Gericht: Hessischer Verwaltungsgerichtshof
Beschluss verkündet am 25.10.2004
Aktenzeichen: 5 TP 2880/04
Rechtsgebiete: VwGO


Vorschriften:

VwGO § 188 Satz 1
VwGO § 60 Abs. 1
VwGO § 74
Die Nichtbescheidung eines innerhalb der Klagefrist eingereichten Prozesskostenhilfeantrages vor Ablauf dieser Frist stellt in gerichtskostenfreien Verfahren nach § 188 VwGO auch dann kein der Klageerhebung entgegenstehendes Hindernis im Sinne des § 60 Abs. 1 VwGO dar, wenn der Antrag von einem Rechtsanwalt gestellt oder die Beiordnung eines Rechtsanwalts beantragt wird (Fortführung der Rechtsprechung des 9. Senats des Hessischen Verwaltungsgerichtshofs, vgl. Beschluss vom 19. November 1993 - 9 TP 2075/93 -, HessVGRspr. 1994, 33 = AnwBl. 1994, 431; Urteil vom 24. Oktober 1995 - 9 UE 1050/94 -).
Hessischer Verwaltungsgerichtshof Beschluss

5 TP 2880/04

In dem Prozesskostenhilfeverfahren

wegen Ausbildungsförderung nach dem Bundesausbildungsförderungsgesetz

hat der Hessische Verwaltungsgerichtshof - 5. Senat - durch

Vorsitzenden Richter am Hess. VGH Dr. Lohmann, Richter am Hess. VGH Schneider, Richter am Hess. VGH Dr. Jürgens

am 25. Oktober 2004 beschlossen:

Tenor:

Die Beschwerde der Antragstellerin gegen den die Bewilligung von Prozesskostenhilfe ablehnenden Beschluss des Verwaltungsgerichts Kassel vom 25. August 2004 - 5 E 1468/04 - wird zurückgewiesen.

Die Antragstellerin hat die Kosten des Beschwerdeverfahrens zu tragen.

Gerichtskosten werden nicht erhoben. Außergerichtliche Kosten werden nicht erstattet.

Gründe:

Die Beschwerde der Antragstellerin gegen die Versagung der beantragten Prozesskostenhilfe durch den Beschluss des Verwaltungsgerichts Kassel vom 25. August 2004 ist zulässig, jedoch nicht begründet.

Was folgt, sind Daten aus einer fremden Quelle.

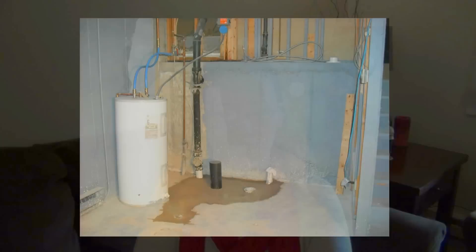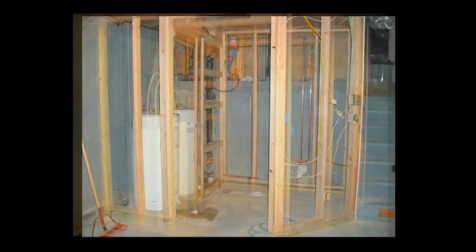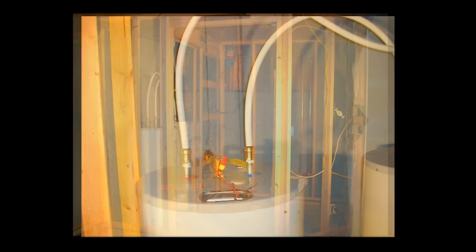You'll be seeing photos here as I'm talking about this. One thing we wanted in the basement was a bathroom — just a half bath, a toilet and a sink. We also wanted to wall in the hot water heaters. We got a second hot water heater — we had one 50-gallon, and we added a second one, so there's 100 gallons of hot water total.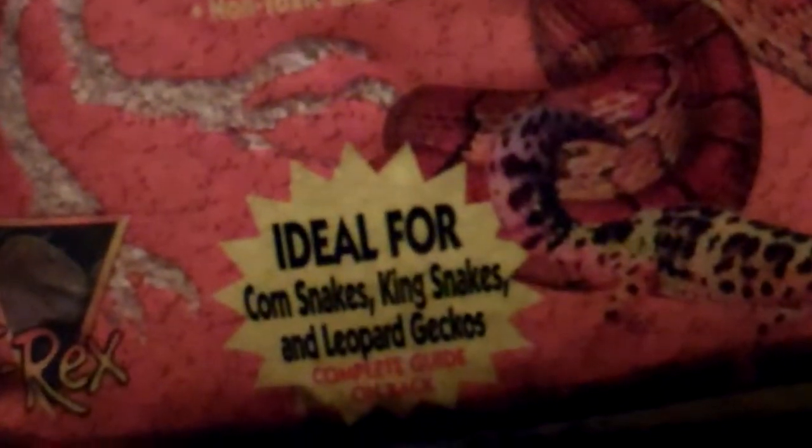Hey YouTube, just making a quick video here. Quick update: I decided on my preference instead of paper towel for my adults — I'm gonna use sandy chips, just to change it up and see how it does.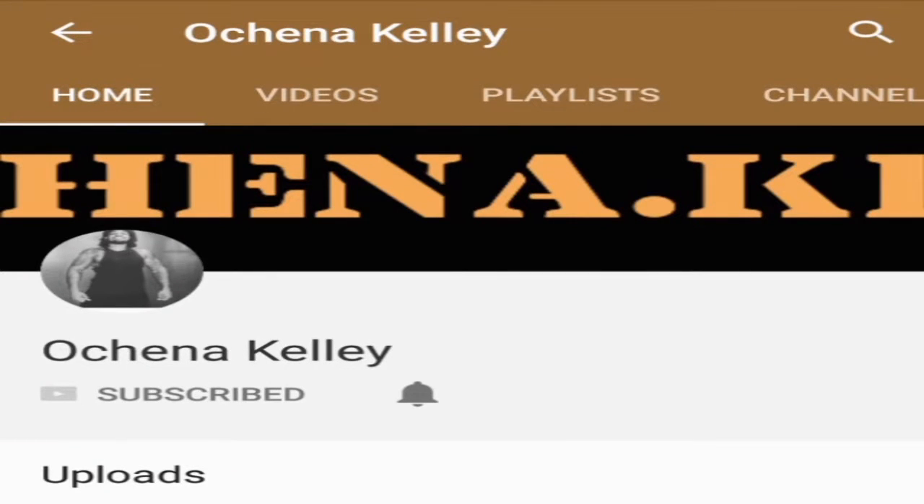Hey, what's up everybody. In order to subscribe to the channel, just hit the subscribe button and then hit the notification tab so that you get an update each time the videos are released.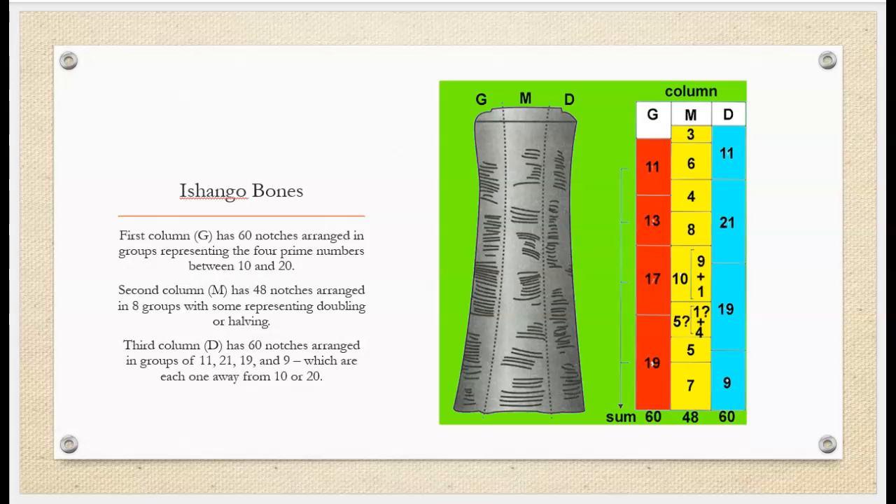The second column has 48 notches arranged in eight groups, with some representing doubling or halving. The third column has 60 notches arranged in groups of 11, 21, 19, and 9, which are each one away from 10 or 20.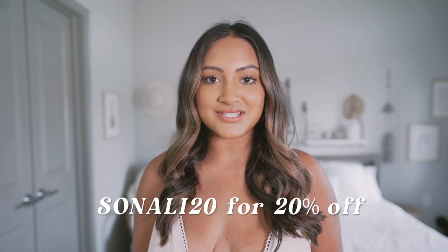That's a wrap on this Princess Polly haul. Let me know which piece was your favorite. If you guys are interested in anything I showed in this video, all the links will be down below. Don't forget to use my code — it's Sonali20 for 20% off — and I will see y'all in my next video!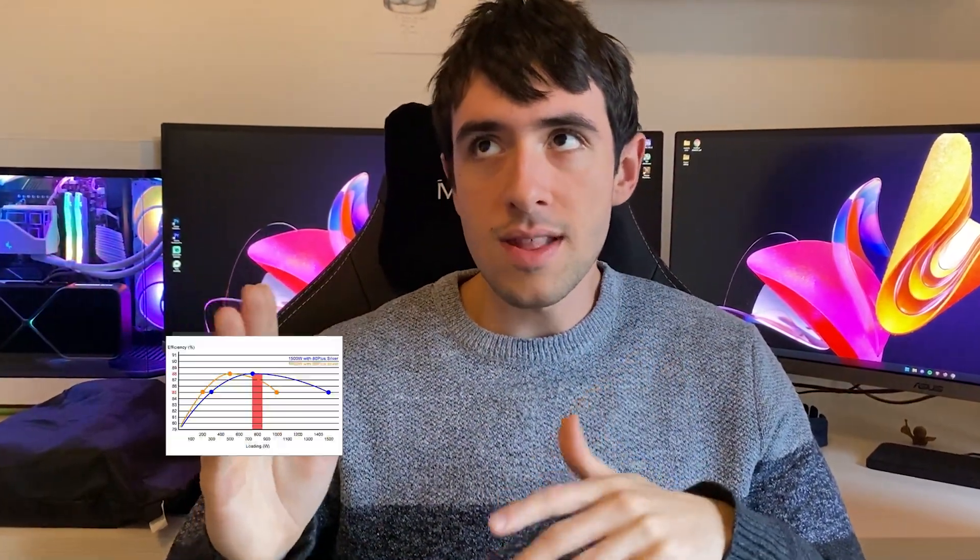Chances are you're actually not, because in that number there is already an inbuilt tolerance and the number is calculated based on the worst case scenario — using an i9 which draws a lot of power with a lot of case fans and saturating the bandwidth to the max. So you don't need to add extra headroom because it's already inbuilt in the calculation. What you should actually be focusing on is the quality of the power supply, not the wattage.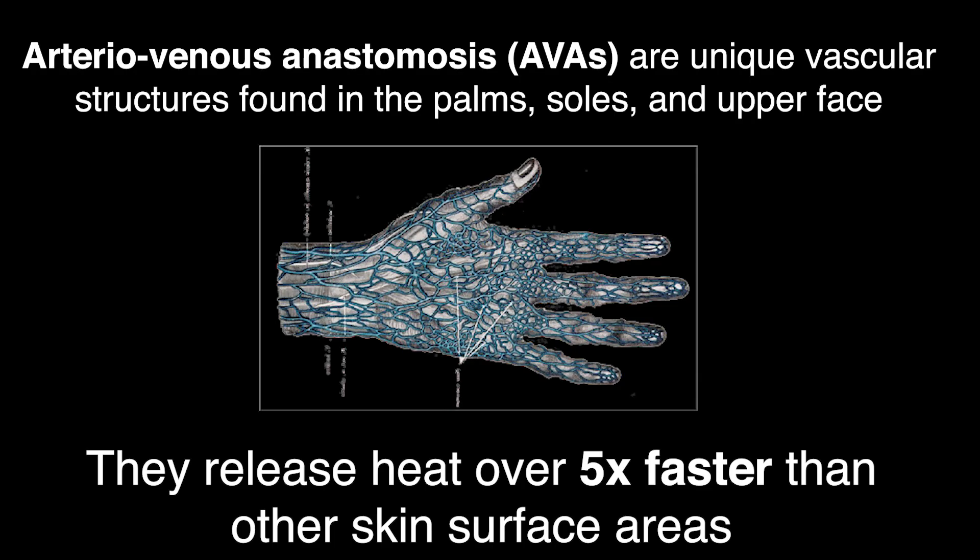Connected into that circulatory system are AVAs, which are essentially radiator structures for the body. When it's necessary to get rid of heat, the AVAs open up and dump heat — that's our primary defense to thermal challenges.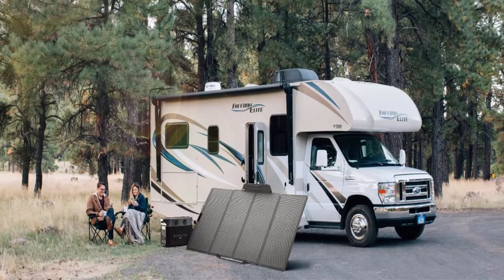Top 5: EF EcoFlow Portable Power Station Delta II with Smart Extra Battery — expand capacity from 1024 WH to 2048 WH, solar generator for home backup, emergency, and outdoor camping. Expandable capacity from 1–3 kWh: add the Delta II Extra Battery to reach 2048 WH, or add the Delta Max Extra Battery to hit 3040 WH. Great for home backup or everyday appliances.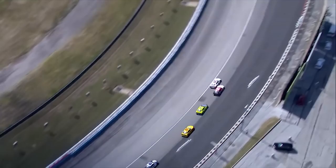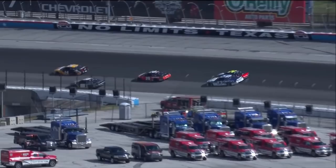Mark Truex Jr. into the wall. Hammond drives it in deep, going to move up the racetrack, take the groove away from Brad.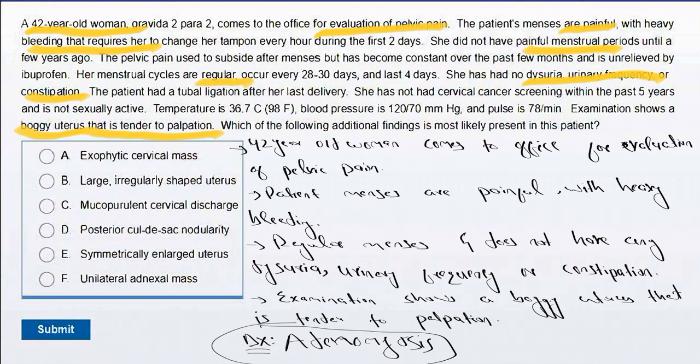In this question, they are asking which of the following additional findings is most likely present in this patient. The correct option is choice E, symmetrically enlarged uterus. Choice E is correct because in adenomyosis, the endometrial glands and stroma accumulate abnormally within the myometrium. Signs and symptoms of adenomyosis include pelvic pain and heavy menstrual bleeding. On examination, the uterus is boggy and tender.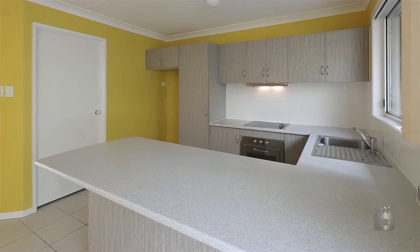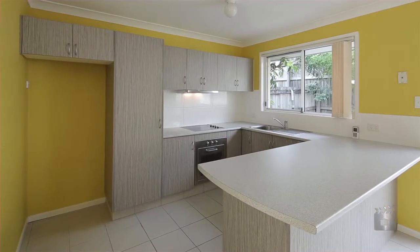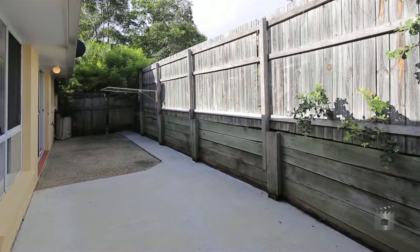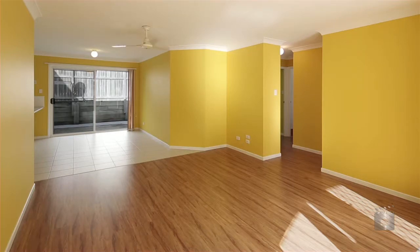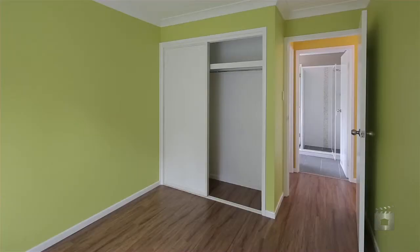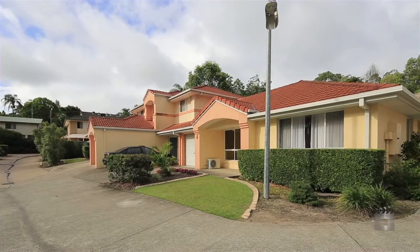A generous and completely renovated kitchen overlooks the private and fully fenced courtyard. Bonus features include single lock-up garaging with internal access and a split-system air conditioner for comfort all year round. An attractive investment packed full of potential.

Nach summarischer Prüfung geht auch der Senat davon aus, dass der Antrag auf Bewilligung von Prozesskostenhilfe für das am 16. Juni 2004 anhängig gemachte Klageverfahren abzulehnen ist, weil die Voraussetzungen des § 166 VwGO in Verbindung mit § 114 ZPO nicht vorliegen. Das Verwaltungsgericht hat zu Recht angenommen, dass die Klage mit dem Ziel der Gewährung von Ausbildungsförderung nicht fristgerecht erhoben worden ist und eine Wiedereinsetzung in die Klagefrist gemäß § 60 VwGO nicht in Betracht kommt. Zutreffend weist das Verwaltungsgericht darauf hin, dass in gerichtskostenfreien Verfahren gemäß § 188 VwGO der innerhalb der Klagefrist des § 74 Abs. 1 Satz 1 VwGO gestellte und noch nicht beschiedene Antrag auf Bewilligung von Prozesskostenhilfe kein der Klageerhebung entgegenstehendes Hindernis im Sinne des § 60 Abs. 1 VwGO darstellt.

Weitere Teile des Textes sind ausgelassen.